Dieu a fait cinq promesses à Abram, chacune d’entre elles l’incitant à regarder au-delà de tout ce qu’il avait et connaissait, afin qu’il puisse embrasser une identité beaucoup plus large qui serait aussi bonne pour le monde entier que pour lui personnellement.
La lecture se termine par le merveilleux résumé d’une vie bien vécue : « Abram partit comme le Seigneur le lui avait ordonné ».
Nous entendons l’Évangile d’aujourd’hui, en gardant à l’esprit que cette scène se déroule après les événements de Matthieu 16. Ces événements comprenaient une dispute avec des pharisiens qui demandaient des signes, la déception de Jésus devant l’incapacité des disciples à comprendre ses œuvres et cette question des plus directes, intimes et intimidantes : « Qui dites-vous que je suis ? » Cet échange s’est terminé lorsque Jésus leur a dit que sa vocation (et la leur) inclurait la souffrance.
Matthieu situe l’incident sur la montagne six jours après ces événements. Cette référence calendaire apparemment étrange place subtilement cet incident dans le contexte du récit de la création : Jésus est monté sur la montagne avec ses amis le septième jour, le jour de l’achèvement. Après avoir partagé des enseignements difficiles sur ses souffrances et sa défiguration, Jésus leur a permis d’entrevoir l’avenir de toute la création lors de la Transfiguration.
Matthieu, Marc et Luc nous donnent des récits remarquablement similaires de cet incident. Lorsque Matthieu nous dit que Jésus a été « transfiguré » devant eux, il utilise le mot qui vient en français sous le nom de métamorphose. Dans la mythologie grecque, la métamorphose était ce qui se passait lorsque les dieux prenaient forme humaine.
À l’inverse, Jésus, être humain à part entière, s’est imprégné de la splendeur divine. Cela a complètement bouleversé les disciples qui avaient si facilement proclamé que Jésus était le Christ, le fils oint de Dieu. C’est une chose de faire une grande déclaration sur ce que nous croyons, c’en est une autre de commencer à percevoir ne serait-ce qu’une infime partie de ce que peuvent impliquer des titres comme Christ ou Dieu.
De toute évidence, les disciples ont réalisé qu’ils avaient vu plus qu’ils ne pouvaient comprendre. Quoi qu’ils aient pensé de Jésus ou de la gloire de Dieu, ce moment sur la montagne leur a montré combien leur imagination était dérisoire.
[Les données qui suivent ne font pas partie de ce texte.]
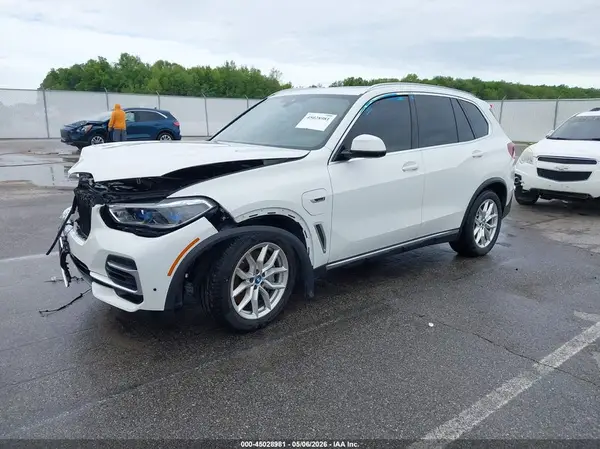 5UXTA6C07P9N46565 2023 BMW X5 - Image 2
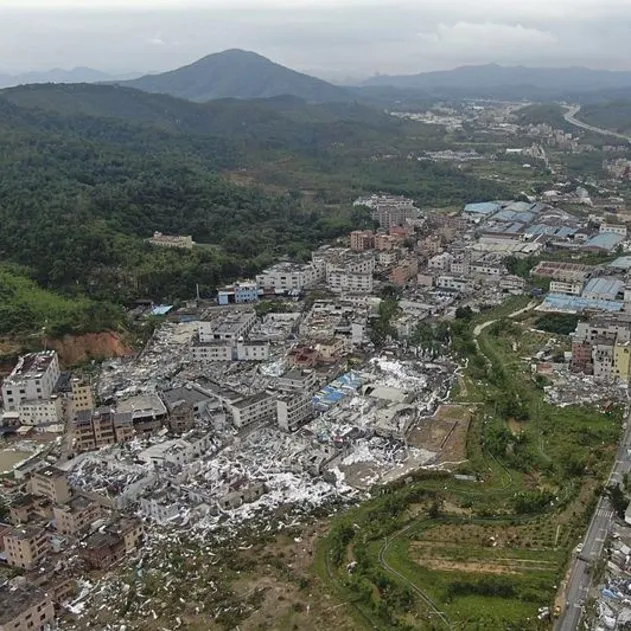 Çin’i kasırga vurdu! 141 fabrikada yıkım: On binlerce kişi evinden oldu! Hasarın boyutu o fotoğraflarda ortaya çıktı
Jésus leur a dit de ne pas en parler, car les mots qu’ils essaieraient d’utiliser seraient si inadéquats qu’ils en seraient presque sacrilèges.
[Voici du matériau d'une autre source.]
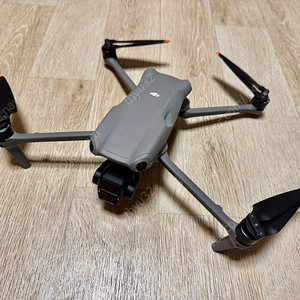 DJI 에어3 (RC2) 플라이모어 콤보 세트 / S급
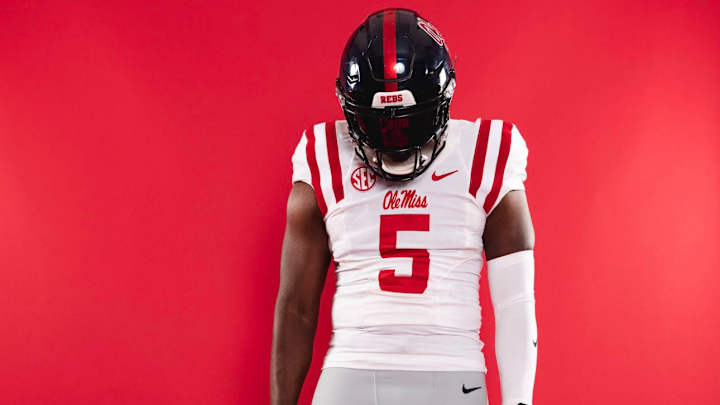 2023 Ole Miss Signee DeeJay Holmes Arrested: Report 2023 Ole Miss Signee DeeJay Holmes Arrested: Report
L’expérience sur la montagne a dû être le point culminant de leur vie de disciple pour ceux qui ont accompagné Jésus ce jour-là. C’est pourquoi ils n’ont jamais pu la décrire correctement.
Il en va de même pour nous. Il y a des moments dans nos relations les plus profondes où nous connaissons vraiment l’amour et l’intimité, où nous entrevoyons la profondeur de l’autre d’une manière qui ne peut être exprimée par des mots. Dans ces moments-là, nous réalisons que la vérité de l’amour est intemporelle, plus profonde et plus large que ce que l’on peut décrire.
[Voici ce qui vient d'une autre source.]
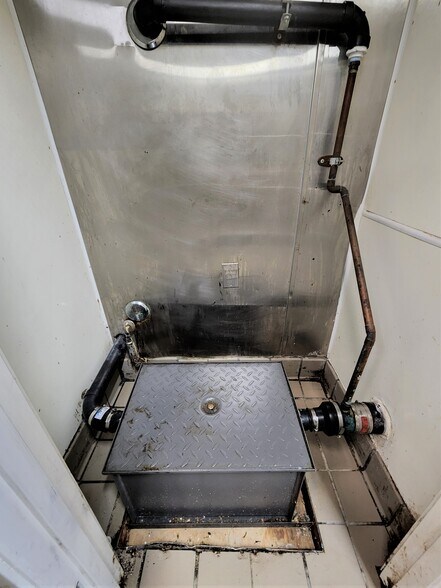 More Photos Of 1066-1070 S Fairfax Ave, Los Angeles Restaurant For Lease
Être pris dans de telles expériences est transformateur. Non seulement nous voyons et tombons à nouveau amoureux, mais nous sommes nous-mêmes transformés dans le processus.
Le mystère de la Transfiguration, l’autorévélation de Jésus comme le bien-aimé de Dieu, nous offre plus qu’un simple aperçu de sa vocation divine. L’apparition de Jésus en tant que bien-aimé de Dieu, sa révélation de la divinité dans l’humanité nous donne un aperçu de notre propre destinée. Elle nous rappelle la vérité de l’enseignement de la Genèse selon lequel les êtres humains sont orientés pour devenir des images de Dieu toujours plus grandes.
C’est ce que Paul dit à Timothée lorsqu’il cite un hymne qui chante comment Dieu nous sauve, non pas à cause de ce que nous faisons, mais grâce à ce qui se passe en nous et parmi nous lorsque nous aimons. La liturgie d’aujourd’hui nous dit que la transfiguration est le destin que nous partageons tous avec le Christ, si seulement nous nous laissons aimer comme lui. C’est la voie d’une vie bien vécue.